SUMMA Hack: Technical Documentation
SUMMA Database
The SUMMA database is provided via the REST API to a single Elasticsearch instance. For the purposes of the event, this database is static and will not be updated with live data during the duration of the hack.
The database is running Elasticsearch version 5.6.3.
Database location
The full SUMMA (production) database is available at http://summadb.summa-project.eu
.
The development SUMMA database is available at http://summadb2.summa-project.eu
. This development database has not been extensively tested.

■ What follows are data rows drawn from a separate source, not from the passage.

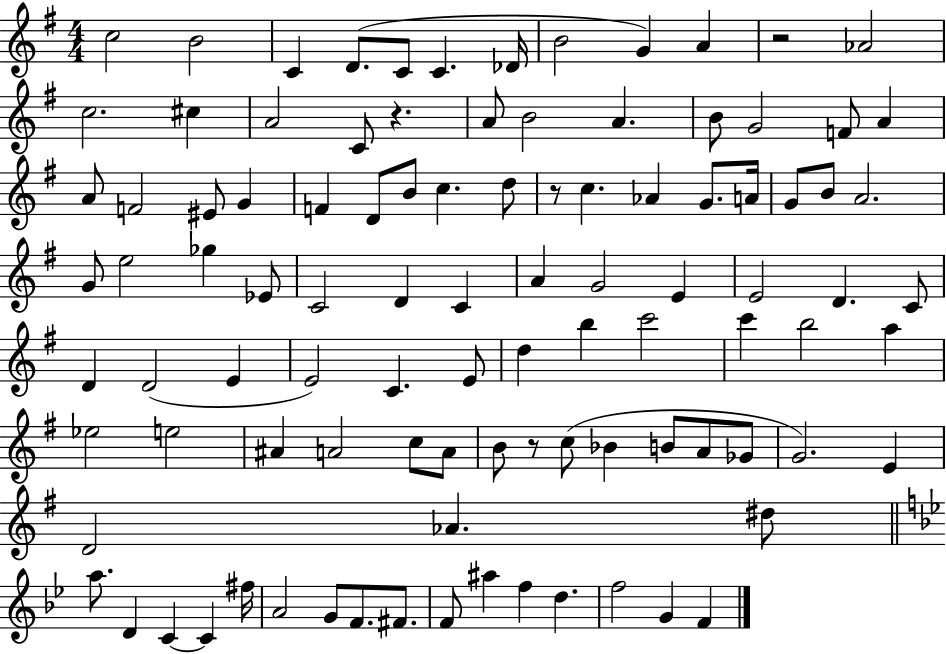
{
  \clef treble
  \numericTimeSignature
  \time 4/4
  \key g \major
  \repeat volta 2 { c''2 b'2 | c'4 d'8.( c'8 c'4. des'16 | b'2 g'4) a'4 | r2 aes'2 | \break c''2. cis''4 | a'2 c'8 r4. | a'8 b'2 a'4. | b'8 g'2 f'8 a'4 | \break a'8 f'2 eis'8 g'4 | f'4 d'8 b'8 c''4. d''8 | r8 c''4. aes'4 g'8. a'16 | g'8 b'8 a'2. | \break g'8 e''2 ges''4 ees'8 | c'2 d'4 c'4 | a'4 g'2 e'4 | e'2 d'4. c'8 | \break d'4 d'2( e'4 | e'2) c'4. e'8 | d''4 b''4 c'''2 | c'''4 b''2 a''4 | \break ees''2 e''2 | ais'4 a'2 c''8 a'8 | b'8 r8 c''8( bes'4 b'8 a'8 ges'8 | g'2.) e'4 | \break d'2 aes'4. dis''8 | \bar "||" \break \key bes \major a''8. d'4 c'4~~ c'4 fis''16 | a'2 g'8 f'8. fis'8. | f'8 ais''4 f''4 d''4. | f''2 g'4 f'4 | \break } \bar "|."
}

- The development database has improved transcripts for video and live video, but has no story clustering or topic detection at this time.
- media-item IDs will match between the production and development databases.
These can both be subsituted for [base url]
in the following document.
Getting started
To test your connection to the database, perform an HTTP GET to [base url]
. You should receive some JSON as a response to indicate the database is running, like this:
{
"name" : "LpuEwye",
"cluster_name" : "elasticsearch",
"cluster_uuid" : "zoRkkbaZSZK4IpoPA6ZGuA",
"version" : {
"number" : "5.6.3",
"build_hash" : "1a2f265",
"build_date" : "2017-10-06T20:33:39.012Z",
"build_snapshot" : false,
"lucene_version" : "6.6.1"
},
"tagline" : "You Know, for Search"
}
If you want to invetigate more before reading about the structure of the database, a list of example queries can be found towards the bottom of this document.
Notes on Security and Restrictions
Database access is controlled by IP whitelist. Access from the Trampery’s internal wireless networks will be available, external access from outside the venue will not.
For security, request are limited to HTTP GET only. All other requests are blocked. Be advised that:
- Some clients (i.e. Postman) are unable to perform a GET with a body.
- Some HTTP proxies are unable to pass GET with a body.
There are a number of simple ways to work with this restriction.
- Python: The Pyton binding accounts for this restriction as described in the Python binding docs.
- If a proxy is blocking the requests, the URL encoded query can be placed in the request using the
source
parameter:
<?php
# your base url
$url="http://summadb.summa-project.eu/_search?pretty";
# the "query" string
$query='{
"query" : {
"range" : {
"timeAdded" : { "from" : "2017-10-01", "to" : "2017-10-31" }
}
}
}';
# construct a new url
$callme=$url."&source=".urlencode($query);
# show how to use in a shell/bash script (etc)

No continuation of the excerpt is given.